If you are not British you may be used to calling this land Great Britain, Britain or England. In fact, the United Kingdom has two parts - Great Britain and Northern Ireland. Without Northern Ireland it would be just Great Britain. Britain (as the name is often abbreviated) is composed of three parts, Scotland, Wales and England, with a population of 60.6M. Until 1999 there was just one government for all three. No more.
England
England is the largest (130,360 sq. km.), most populous, most powerful, richest part of the nation. It has a populaton of 50.7M. And a third of the population of Britain is crowded into the 16 per cent of the land area that is south east England. Its population has increased by more than 10.5 percent since 1971. The difference in wealth between it and the rest expanded rapidly. Between 1995 and 2001, 60 percent of new jobs in the UK were in south east England.
The United Kingdom parliament sits in London, the capital city of England, but unlike Wales, Scotland and Northern Ireland, England has no representatiave assembly of its own.

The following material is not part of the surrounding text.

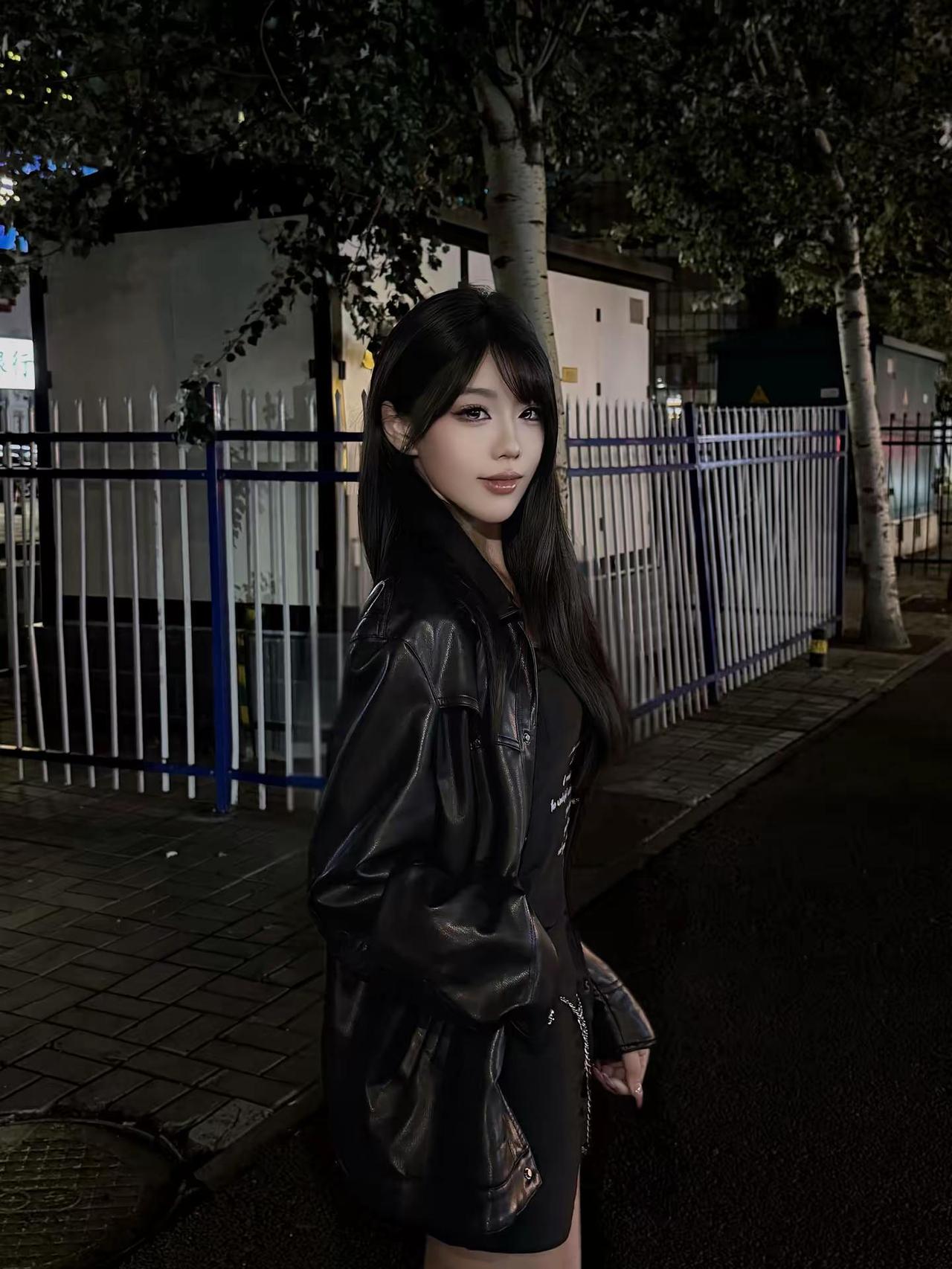 我 還是很想你 但我們不會再聯繫了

Nine million acres of England and Wales are owned by 135,000 people, many of them members of the officially recognised hereditary aristocracy. In
Who Owns Britain, published in 2001,
Kevin Cahill attributed Ireland’s recent economic advances in part to the wider ownership of land in that country.
Scotland the brave
Scotland's 5 million people now have their own sub-legislature. They already had distinct legal and educational systems. Now the Scottish Parliament has control of domestic policy. Defence, foreign affairs and the broad management of the economy remain the responsibility of the government in London.
Scotland has more representatives in the UK parliament than its population warrants. And these MPs vote on domestic English legislation although MPs for England may no longer vote on laws that apply only in Scotland.

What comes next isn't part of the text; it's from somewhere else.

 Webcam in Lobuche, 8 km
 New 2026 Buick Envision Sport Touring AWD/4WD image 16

The Scottish Parliament relies on the UK government for its revenue. The grant from the British parliament, which is expected to reach £30bn by 2010. allows it to spend £1,500 more per head on services for the people of Scotland than is spent in England. It has not used its power to levy an additional 3 per cent income tax.
Opinion polls have shown as many as 52% of Scots in favour of independence for Scotland. One suggested that almost 2 in 3 Scots believed that Scotland would be independent by 2009. However, that did not happen. In the first election to the Scottish Parliament the anti-independence parties won 91 of the 129 seats. Scottish National Party candidates were elected to just 56 seats. In 2007 the people of Scotland elected 47 Scottish National Party legislators and 82 from other parties.
The BBC has rejected the idea of a separate news broadcast for Scotland, following lobbying against the change by the Labour Party. Opponents of the idea believe that as national institution the BBC helps to keep Britain united. Scottish newspapers and the Scottish National Party condemned the decision. One member of the Corporation's broadcasting council for Scotland resigned in protest.
"God grant that Marshall Wade
May by thy mighty aid
Victory bring.
May he sedition crush
And like a torrent rush
Rebellious Scots to crush
God save the Queen."
A verse from the unexpurgated British national anthem.
Wales
Wales (Cymru in Welsh), where 16 per cent of the 2.9 million population speak, read and write the Welsh language, has a legislative Assembly that gives that nation significantly less autonomy than Scotland. The Assembly has limited powers and no ability to raise revenue.
As with Scotland, the people of Wales are over-represented in the UK parliament. Their MPs also vote on laws for England while MPs for England are unable to vote on the laws for Wales that are made in the legislative assemby for Wales.
The Welsh nationalist party, Plaid Cymru (Party of Wales), surprised many by winning 17 of the 60 seats in the first election to the new Assembly. However, the other 43 seats were taken by non-nationalist parties. In 2008 there were just 15 Plaid Cymru legislators and 44 Labour, Conservative and Liberal Democrat law makers.
Northern Ireland
Then there are the six counties of Ireland, with a population of 1.7 million, that remained tied to Great Britain when the other 26 counties broke free in 1921.(These six counties are known in Britain as Northern Ireland or Ulster. Supporters of the link with Britain often call them "The Province".)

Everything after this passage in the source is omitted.